Seule la chaîne Arte
pouvait nous offrir un tel cadeau. Seul le cinéaste bellenaerd
Bruno Dumont pouvait accoucher d'une mini-série aussi folle, aux
antipodes de ce que l'on a pu voir jusqu'ici. Si certains s'amusèrent
à comparer P'tit Quinquin à la série de David Lynch
Twin Peaks, il ne faut y chercher de rapport que dans
l'étrangeté et la particularité des deux œuvres puisqu'à par
cela, elles n'ont évidemment rien de comparable. Et puis, il ne
faudrait pas aiguiller de manière trop hâtive les amoureux de
l’œuvre du cinéaste américain qui ne se retrouveraient pas
forcément dans celle du français. Nous sommes plus proches, en
réalité, de l'excellente série Riget de Lars Von
Trier (et du cinéma de Jean-Pierre Mocky pour des raison évidentes),
elle même déjà diffusée à l'époque sur Arte. L'air de rien,
c'est cet humour, qui sans avoir vraiment l'air d'en être, explose
pratiquement à chaque plan. Noir, corrosif, absurde, la mini-série
de Bruno Dumont est décalée et totalement en marge des conventions.
Alors, évidemment, P'tit
Quinquin ne pouvait créer que la polémique. Dumont que l'on
accuse de se moquer des habitants d'Audresselles, petite commune du
Pas-de-Calais, alors qu'au contraire il veut et parvient à leur
rendre hommage... Bien sûr, on pourra s'étonner de n'y voir
que des personnages apparemment caricaturaux, un fort accent ch'ti
aux lèvres, tous exclusivement interprétés par des habitants
d'Audresselles et par conséquent, totalement amateurs. Si cela se
ressent dès les premières secondes, le synopsis est tellement
décalé que leur présence n'a absolument rien de choquante. Du
simple paysan au commandant de la Gendarmerie Nationale, en passant
par les journalistes, tous vibrent de cette même joie de jouer pour
la première fois (et peut-être pour certains, la dernière) dans
une série télévisée.
Les mauvaises langues
diront que l'on y exhibe des êtres différents, incultes, pas très
doués et physiquement loin des canons de beauté sous lesquels les
différents médias nous noient. D'autres auront peut-être la
mauvaises pensée d'imaginer que certains de ces acteurs et actrices
amateurs ont sans doute été victimes de consanguinité, habituel
(et stupide) stéréotype malheureusement lié aux gens du Nord. Et
c'est vrai que parfois l'idée traverse l'esprit. Mais Bruno Dumont,
en dehors de ce récit qui mêle l'enfance à une intrigue policière
quelque peu absurde (des morceaux de corps humains sont découverts
logés à l'intérieur de vaches retrouvées mortes), exhibe pour
notre bonheur d'êtres civilisés quelque peu coincés
dans nos habitudes et nos valeurs, une France plus profonde, et
peut-être finalement plus chaleureuse qu'on le croit. Plus
brut aussi, mais avec davantage de sincérité.
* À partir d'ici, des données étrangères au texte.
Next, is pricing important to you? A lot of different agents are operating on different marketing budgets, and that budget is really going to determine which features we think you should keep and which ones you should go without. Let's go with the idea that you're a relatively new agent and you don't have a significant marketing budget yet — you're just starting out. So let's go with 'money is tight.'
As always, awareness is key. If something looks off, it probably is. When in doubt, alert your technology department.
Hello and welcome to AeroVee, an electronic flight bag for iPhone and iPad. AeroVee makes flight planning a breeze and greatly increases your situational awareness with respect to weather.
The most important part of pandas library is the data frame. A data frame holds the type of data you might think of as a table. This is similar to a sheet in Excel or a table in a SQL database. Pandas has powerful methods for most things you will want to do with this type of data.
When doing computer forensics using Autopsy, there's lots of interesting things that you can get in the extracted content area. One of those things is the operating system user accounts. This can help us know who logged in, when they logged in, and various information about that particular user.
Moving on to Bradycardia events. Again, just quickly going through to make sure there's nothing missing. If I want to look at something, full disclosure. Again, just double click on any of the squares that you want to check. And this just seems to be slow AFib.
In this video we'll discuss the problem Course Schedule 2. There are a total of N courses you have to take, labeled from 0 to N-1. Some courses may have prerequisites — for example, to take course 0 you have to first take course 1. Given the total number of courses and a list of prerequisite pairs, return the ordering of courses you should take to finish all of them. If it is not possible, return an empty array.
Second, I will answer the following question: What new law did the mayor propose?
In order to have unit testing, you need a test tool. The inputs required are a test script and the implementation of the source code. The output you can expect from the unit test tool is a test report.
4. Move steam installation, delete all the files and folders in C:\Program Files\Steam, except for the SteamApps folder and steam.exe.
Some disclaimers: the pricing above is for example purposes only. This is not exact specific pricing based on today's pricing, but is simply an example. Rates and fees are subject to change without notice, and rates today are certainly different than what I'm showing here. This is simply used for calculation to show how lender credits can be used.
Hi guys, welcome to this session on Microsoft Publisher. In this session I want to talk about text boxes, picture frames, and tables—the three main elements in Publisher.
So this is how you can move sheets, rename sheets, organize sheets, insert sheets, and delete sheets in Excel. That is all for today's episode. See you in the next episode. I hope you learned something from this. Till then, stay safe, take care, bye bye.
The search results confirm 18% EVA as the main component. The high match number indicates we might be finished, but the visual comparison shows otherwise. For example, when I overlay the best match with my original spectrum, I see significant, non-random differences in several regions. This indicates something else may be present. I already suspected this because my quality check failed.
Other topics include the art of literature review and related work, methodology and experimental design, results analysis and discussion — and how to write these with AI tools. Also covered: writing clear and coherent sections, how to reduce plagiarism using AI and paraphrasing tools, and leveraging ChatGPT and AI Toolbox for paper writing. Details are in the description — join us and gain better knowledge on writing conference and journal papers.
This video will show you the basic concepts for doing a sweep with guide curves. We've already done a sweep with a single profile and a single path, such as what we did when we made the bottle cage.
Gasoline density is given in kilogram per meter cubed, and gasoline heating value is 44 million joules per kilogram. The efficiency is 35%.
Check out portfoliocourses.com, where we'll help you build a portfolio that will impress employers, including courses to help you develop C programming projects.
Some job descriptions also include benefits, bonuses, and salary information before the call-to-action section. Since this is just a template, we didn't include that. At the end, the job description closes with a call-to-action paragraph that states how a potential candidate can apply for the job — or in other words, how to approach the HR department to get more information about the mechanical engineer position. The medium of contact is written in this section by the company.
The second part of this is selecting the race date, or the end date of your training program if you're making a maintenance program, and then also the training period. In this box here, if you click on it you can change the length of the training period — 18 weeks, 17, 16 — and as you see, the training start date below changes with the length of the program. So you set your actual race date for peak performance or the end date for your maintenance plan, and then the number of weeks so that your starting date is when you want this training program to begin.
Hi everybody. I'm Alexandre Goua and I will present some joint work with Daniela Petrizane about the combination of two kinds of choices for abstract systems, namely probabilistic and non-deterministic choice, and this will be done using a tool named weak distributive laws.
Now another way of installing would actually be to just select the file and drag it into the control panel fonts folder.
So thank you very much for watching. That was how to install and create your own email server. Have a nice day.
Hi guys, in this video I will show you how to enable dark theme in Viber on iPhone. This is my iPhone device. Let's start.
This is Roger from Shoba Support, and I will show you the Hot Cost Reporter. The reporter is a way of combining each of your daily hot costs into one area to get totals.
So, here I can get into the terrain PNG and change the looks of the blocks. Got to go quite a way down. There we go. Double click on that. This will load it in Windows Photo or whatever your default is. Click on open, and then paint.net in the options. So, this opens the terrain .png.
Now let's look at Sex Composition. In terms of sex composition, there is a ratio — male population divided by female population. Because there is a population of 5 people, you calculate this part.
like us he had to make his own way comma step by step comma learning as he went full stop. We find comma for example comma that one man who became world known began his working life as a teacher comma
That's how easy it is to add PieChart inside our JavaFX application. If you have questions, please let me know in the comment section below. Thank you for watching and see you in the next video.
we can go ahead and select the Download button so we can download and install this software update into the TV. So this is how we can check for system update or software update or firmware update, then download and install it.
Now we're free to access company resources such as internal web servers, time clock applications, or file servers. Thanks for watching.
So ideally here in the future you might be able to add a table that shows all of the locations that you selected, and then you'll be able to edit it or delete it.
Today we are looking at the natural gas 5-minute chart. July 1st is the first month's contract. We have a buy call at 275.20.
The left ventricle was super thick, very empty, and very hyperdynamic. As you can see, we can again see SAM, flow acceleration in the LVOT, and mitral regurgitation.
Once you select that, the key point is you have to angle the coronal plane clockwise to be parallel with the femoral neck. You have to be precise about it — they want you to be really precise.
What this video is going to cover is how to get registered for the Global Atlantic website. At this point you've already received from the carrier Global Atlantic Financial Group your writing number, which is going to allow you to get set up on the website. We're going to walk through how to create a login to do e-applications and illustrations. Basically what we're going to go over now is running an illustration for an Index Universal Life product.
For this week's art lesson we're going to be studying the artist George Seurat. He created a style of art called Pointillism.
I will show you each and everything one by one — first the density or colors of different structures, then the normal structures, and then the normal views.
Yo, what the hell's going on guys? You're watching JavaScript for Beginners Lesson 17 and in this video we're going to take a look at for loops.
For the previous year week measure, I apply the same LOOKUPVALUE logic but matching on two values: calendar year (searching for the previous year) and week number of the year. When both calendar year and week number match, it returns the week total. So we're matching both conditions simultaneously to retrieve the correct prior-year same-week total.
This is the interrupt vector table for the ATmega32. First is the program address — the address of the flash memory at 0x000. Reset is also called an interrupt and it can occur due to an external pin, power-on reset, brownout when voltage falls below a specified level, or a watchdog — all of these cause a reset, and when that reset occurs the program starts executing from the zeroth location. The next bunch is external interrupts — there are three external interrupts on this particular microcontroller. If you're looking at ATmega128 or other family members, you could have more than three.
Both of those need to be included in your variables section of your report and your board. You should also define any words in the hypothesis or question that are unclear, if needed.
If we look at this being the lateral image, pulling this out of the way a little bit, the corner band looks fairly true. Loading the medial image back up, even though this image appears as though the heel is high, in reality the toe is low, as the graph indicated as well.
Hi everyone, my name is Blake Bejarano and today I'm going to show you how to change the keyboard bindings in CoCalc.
P'tit Quinquin, c'est des curés, des gendarmes, des enfants, des paysans, des journalistes, des vaches, des pétards, des cadavres... mais également, le super-héro Ch'tiderman!
Et puis, certains ne
peuvent que retenir l'attention. En première ligne, le P'tit
Quinquin du titre. Le jeune interprète Alane Delhaye, un tout jeune
gamin au visage un peu de travers. Une vraie gueule de cinéma en
réalité que l'on espère revoir un jour ailleurs que dans la
seconde saison du P'tit Quinquin qui est (quel
bonheur) d'ors et déjà prévue. Ensuite, il y a Bernard Pruvost,
sorte de Groucho Marx qui, contrairement à ce que l'on pourrait
imaginer, à contracté ses tics lors du tournage et qui joue le rôle
du Commandant Van der Weyden. Une spécificité de son personnage due
à la fatigue et à la tension. Un vrai bonheur que de le voir jouer.
Le comique de la série, c'est lui. LUI, mais aussi celui qui joue à
ses côtés le rôle du lieutenant Rudy Carpentier, le sans-emploi
Philippe Jore. Encore une révélation.
Il faut tout de même
garder en tête que ces trois là, ainsi que tous les autres
(figurants ou non), abordent ici le difficile métier d'acteur pour
la première fois de leur vie en improvisant presque totalement leur
personnage. P'tit Quinquin ne
plaira forcément pas à tout le monde. Les conformistes rejetteront
sans doute l'objet sans autre forme de procès. Mais si vous aimez le
décalage, l'anticonformisme et l'humour noir, cette mini-série est
faite pour vous. Vivement la suite...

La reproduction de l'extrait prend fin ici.